It was in December last year, at 3:30AM. Helga Barkhuizen was in the passenger seat with a friend and his two children. They were on their way from Cape Town to Beafort West, on the N1 near the small town of Leeu-Gamka, 70 kilometers away.
The Miss South Africa International 2012 had had the time of her life at a biker rally and a new tattoo to boot. It still itched on her wrist.
The road to George was a familiar one for Barkhuizen. The road of the N1 lances through kilometer after kilometer of dry scrub.
Barkhuizen drifted off to sleep on the center console.
When she woke again, she saw the truck turning into a petrol station that was to crush her life.
“The car pulled to the right, I closed my eyes and I prayed, and I said you know what, this is it. I am ready to die,” she says.
In a few seconds, in a horror collision, a steel rod sticking out the back of the truck split the car in two slicing her left leg and shattering her right.
“My leg was on the floor in front of me. It was taken off in the accident. It wasn’t like I woke up in hospital, I said goodbye to my leg there and then,” says Barkhuizen.
But, by pure chance, an ambulance was at the petrol station.
“The first thing I told the paramedic was that he needed to give the driver something for shock. He was running around like a headless chicken. I get calm in emergency scenarios so I don’t actually freak out. And the paramedic was looking at me and saying ‘you do realize how hurt you are?’ I said yes I can see, but [the driver] needs to make phone calls right now, if he cannot verbally get my personal details across, then I am going to die,” she says.
It was also lucky for Barkhuizen that she remained conscious.

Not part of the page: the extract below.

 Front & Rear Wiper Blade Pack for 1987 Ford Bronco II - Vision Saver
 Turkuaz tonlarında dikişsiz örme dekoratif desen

“I asked for the Jaws of Life and they said there was no chance. We can’t bring the jaws because you’ll be dead before we can get them here. The fact that I was kind of flexible and had been a dancer all my life saved my life. They bent me like a sandwich to pull me out of the car. Then they vacuum-packed my body into a black bag to keep the blood circulation going. I was literally sitting in a pool of my own blood before the 70 kilometer drive to the hospital,” she says.
Barkhuizen spent two months in a Cape Town hospital learning to live with her amputation. She was overwhelmed with the support her family gave her, who flew in regularly to visit. The others in the car accident walked away with scrapes and bruises.
“I didn’t know [the driver] had fallen asleep until about a month ago [July], when I went to see the car. Call it women’s intuition, like an ant itching in your bum, I felt like something was amiss. The panel beater said there was no chance that he had been driving 100 kilometers an hour and didn’t see the lights on the truck. The car was going at 160km/h when it hit the truck. It was when the driver touched the brake that I woke up and knew something was wrong.”
These days, Barkhuizen is full of life. She walks proudly around in her prosthetic, which costs R500,000 ($46,000), and is built to support high heels. She needs to buy two pairs of shoes though, one for her real foot and the other, a size larger, for the fake one.
The fake foot also needs to be charged, like a battery.
From her offices in Rivonia, Johannesburg, she runs an interior decorating company; a motivational speaking clinic for teens; an eco-tourism property development scheme and an executive lounge networking club. She has also designed a glow-in-the-dark rubber band engraved with your personal details – inspired from her accident. All this is done in a male-dominated business world.
“It’s difficult. You will see a pretty face and a skirt and they will think wow that is how she got there and you wouldn’t think she worked her bum off to get to that point. It’s very difficult to walk into meetings with cultural generalizations or with a specific certificate to get things done,” she says.
Barkhuizen is training to participate in the South African Paralympic swimming squad, plans to buy an automatic motorbike with a foot strap and dreams of scuba diving with an aquatic-friendly leg.
“Whatever came out of this, I knew I had to make the most of it, why stop living because I’ve lost one limb. There are so many things that are driving me, particularly my personal trainer and my businesses. I am young, I still want to get married, there is no reason for my life to be boring. It feels like I’ve been actually asleep for the past ten years. I’ve missed who I was,” she says.
You’ve got to listen to somebody who cheated death and prospered.